Pursuant to General Obligations Law § 5-321, a lease provi*360sion which purports to exempt a lessor from liability for its own acts of negligence is void and unenforceable (see, Gross v Sweet, 49 NY2d 102, 107; Radius, Ltd. v Newhouse, 213 AD2d 614, 615). Although lease provisions in which the parties allocate the risk of liability to third parties between themselves through the use of insurance are generally enforceable (see, Kinney v Lisk Co., 76 NY2d 215; Hogeland v Sibley, Lindsay & Curr Co., 42 NY2d 153; Santamaria v 1125 Park Ave. Corp., 238 AD2d 259, 260), a landlord may not circumvent General Obligations Law § 5-321 “simply by placing the burden to procure insurance on the tenant” (Graphic Arts Supply v Raynor, 91 AD2d 827, 828; see also, A to Z Applique Die Cutting v 319 McKibbin St. Corp., 232 AD2d 512, 513; Radius, Ltd. v Newhouse, supra, at 615).
In this case, the lease places the sole obligation to obtain insurance upon Evergreen, but it lacks any language to demonstrate a “mutuality of intent to directly exculpate the landlord from negligence towards its tenant indemnitor” (Radius, Ltd. v Newhouse, supra, at 615). Accordingly, we find that the insurance procurement clause contained in the lease is unenforceable since it attempts to relieve the plaintiff of its responsibility for damages caused to Evergreen as a result of its own negligence (see, A to Z Applique Die Cutting v 319 McKibbin St. Corp., supra; Radius, Ltd. v Newhouse, supra, at 615; Metropolitan Art Assocs. v Wexler, 118 AD2d 548). Thus, the Supreme Court should have granted Evergreen’s motion for summary judgment.
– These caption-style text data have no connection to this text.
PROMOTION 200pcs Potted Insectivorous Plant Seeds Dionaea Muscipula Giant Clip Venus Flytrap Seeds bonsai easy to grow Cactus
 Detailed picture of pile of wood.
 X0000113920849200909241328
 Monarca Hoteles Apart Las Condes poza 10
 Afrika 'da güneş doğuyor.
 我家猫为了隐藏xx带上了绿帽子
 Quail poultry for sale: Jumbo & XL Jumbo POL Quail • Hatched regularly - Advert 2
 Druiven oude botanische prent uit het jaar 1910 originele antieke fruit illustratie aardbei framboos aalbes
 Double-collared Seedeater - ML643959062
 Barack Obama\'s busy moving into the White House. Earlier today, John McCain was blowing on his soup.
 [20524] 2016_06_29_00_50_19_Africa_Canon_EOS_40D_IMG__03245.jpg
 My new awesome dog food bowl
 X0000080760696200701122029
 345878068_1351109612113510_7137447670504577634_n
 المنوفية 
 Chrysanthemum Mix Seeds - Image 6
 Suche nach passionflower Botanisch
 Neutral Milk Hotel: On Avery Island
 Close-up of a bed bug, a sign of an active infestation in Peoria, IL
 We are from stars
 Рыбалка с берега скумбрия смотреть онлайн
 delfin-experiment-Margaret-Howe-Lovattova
The cross appeal must be dismissed on the ground that the plaintiff is not aggrieved by the order and judgment entered in its favor (see, CPLR 5511). To the extent that the plaintiff seeks review of language contained in the memorandum decision upon which the order and judgment is based, which language the plaintiff deems adverse to its interest, there is no basis for such review (see, Pennsylvania Gen. Ins. Co. v Austin Powder Co., 68 NY2d 465; Parochial Bus Sys. v Board of Educ., 60 NY2d 539). Bracken, J. P., Santucci, McGinity and Feuerstein, JJ., concur. [See 179 Mise 2d 674.]